The feedback-loops between gender identity, real life experiences, cultural concepts, genes and hormones are complex and messy, but there is a growing consensus among scientists that hormones do play a role in the creation of transgender identities.
The main focus is on the pre-natal period, when that person is still in its mother’s womb, being exposed to hormones aimed at triggering the development of gender specific organs and a gender identity.
Mapping the genes of trans women
In a paper called “Genetic Link Between Gender Dysphoria and Sex Hormone Signaling” Madeleine Foreman, Lauren Hare, Kate York, Kara Balakrishnan, Francisco J Sánchez, Fintan Harte, Jaco Erasmus, Eric Vilain and Vincent R Harley reports on a research project including 380 transgender women who have transitioned and 344 control male subjects.
They have looked at associations and interactions between variants of 12 sex hormone–signaling genes and gender dysphoria in transgender women.

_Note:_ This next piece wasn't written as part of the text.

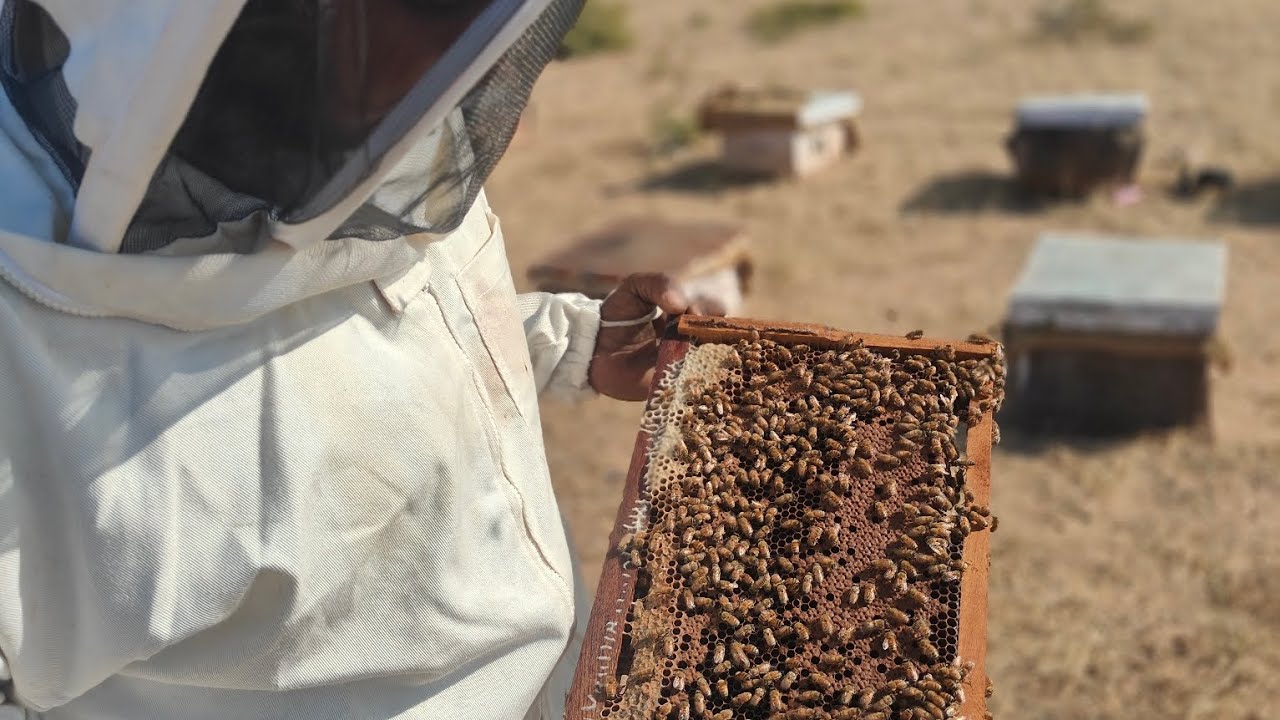 "Bee-yond Basics: Your Ultimate Guide to Honey Bee Keeping"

These are genes that are involved in the production of hormones or the body’s ability to “read” and act on these hormones. They may be responsible for undermasculinization and/or feminization of the brain.

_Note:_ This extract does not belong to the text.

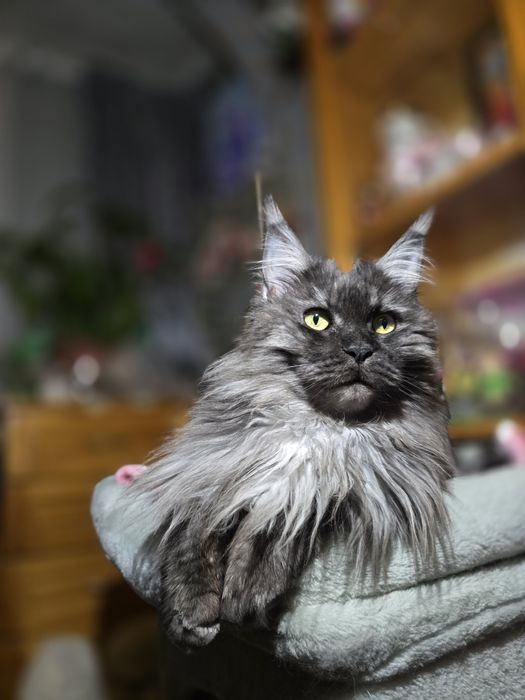 Maine coon Maine coon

As far as the repetition of genes go, they do not find much of a difference between trans and cis respondents. Nor did they find any significant variation in one-letter differences between the genes of those trans and those not trans.
The main difference is found in the way genes interact. Some gene combinations seem to increase the chances of being transgender. One gene may affect the effect of another gene, which again may lead to a "feminization" of the brain.

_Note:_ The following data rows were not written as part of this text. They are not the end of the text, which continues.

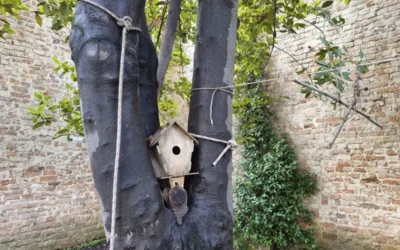 Convento di Sant’Eufemia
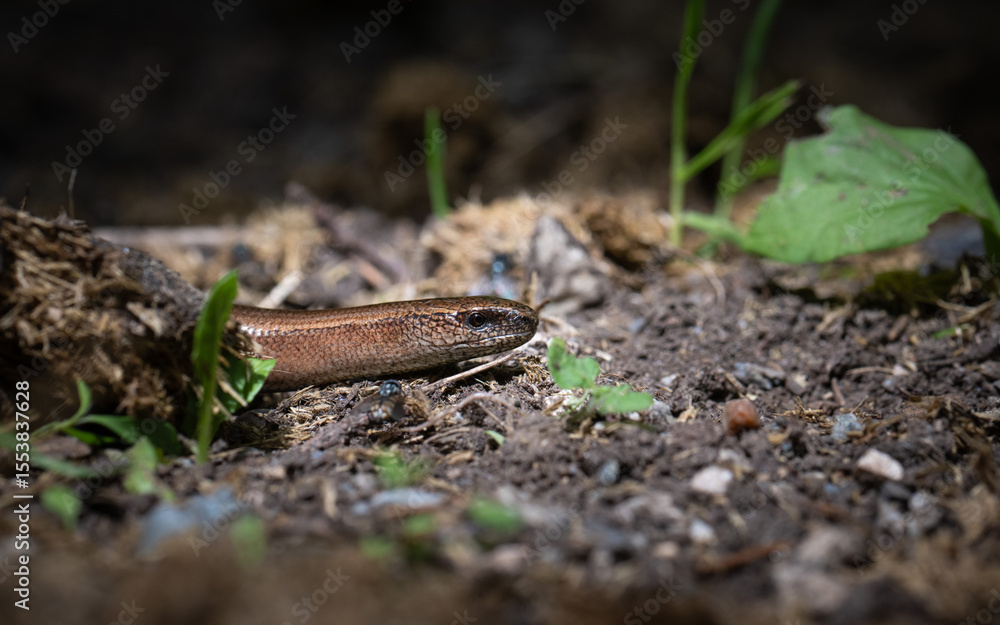 Fototapeta premium Close-up of slowworm. legless lizard often confused with a snake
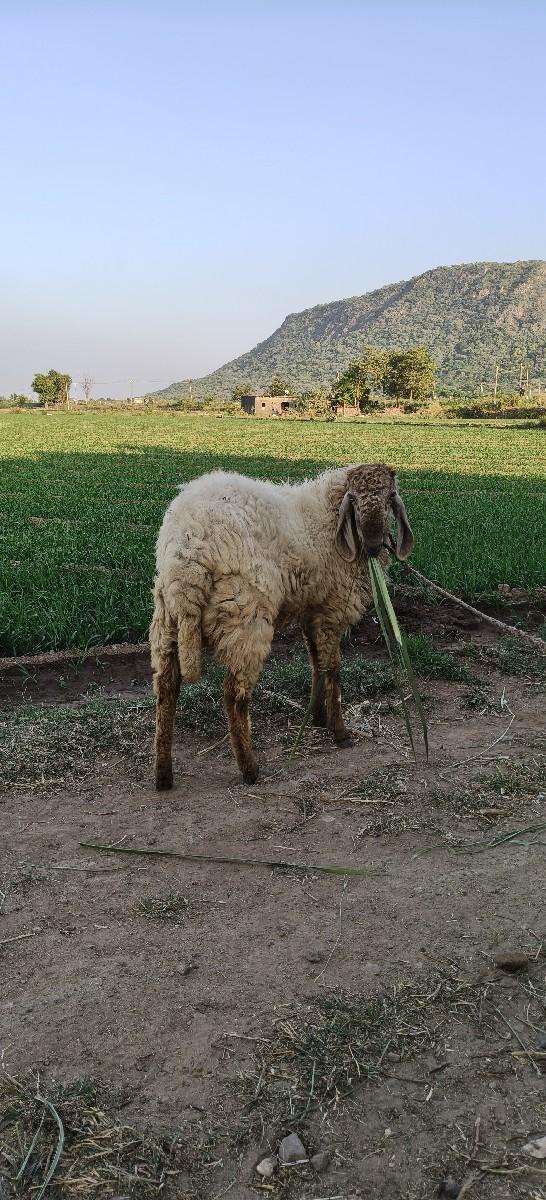 થંબનેલ 3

To give one example of how one such gene may affect gender identity development:
“The minor, C allele of SULT2A1 is associated with elevated sex hormone–binding globulin, a glycoprotein that regulates circulatory sex steroid bioavailability and is present within fetal male blood during early gestation. In transgender women with the TC SNP, we speculate that fetal sex hormone–binding globulin levels are increased, which may reduce the effects of circulating hormones.”
Words of warning
There is a tendency towards oversimplifying stories like these. No doubt we will find statements like “scientists find the transgender gene!”
This is not the case. Keep the following in mind:
- They are looking at a large number of genes, which may (or may not) cause the development of gender dysphoria.
- They are looking into the interaction between genes, in the sense that you may need two or more to develop gender dysphoria.
- Researchers will also have to look at epigenetics, i.e. to what extent such genes are activated due to other causes.
- They are looking at statistical aggregates. Not all of the transgender women have one or all of these gene variations. Moreover, some of the cis men may have some of them.
- They are deliberately looking at a sample of Caucasian subjects (in order to reduce the number of variables).
In summary, the results of our study of transgender women support the hypothesis that gender dysphoria has a polygenic basis, involving interactions among multiple genes and polymorphisms that may alter the sexual differentiation of the brain in utero, contributing to the development of gender dysphoria in transgender women.backstrokerjc has translated the paper into Plain English over at reddit.
However, although discordance rates for gender dysphoria suggest that genetics plays a role, it is not the sole determinant of gender identity. Genome-wide association studies, and genome and methylome approaches, especially when coupled with neuroimaging or sex steroid measurements, should be undertaken to better understand how genetic variants contribute to gender dysphoria.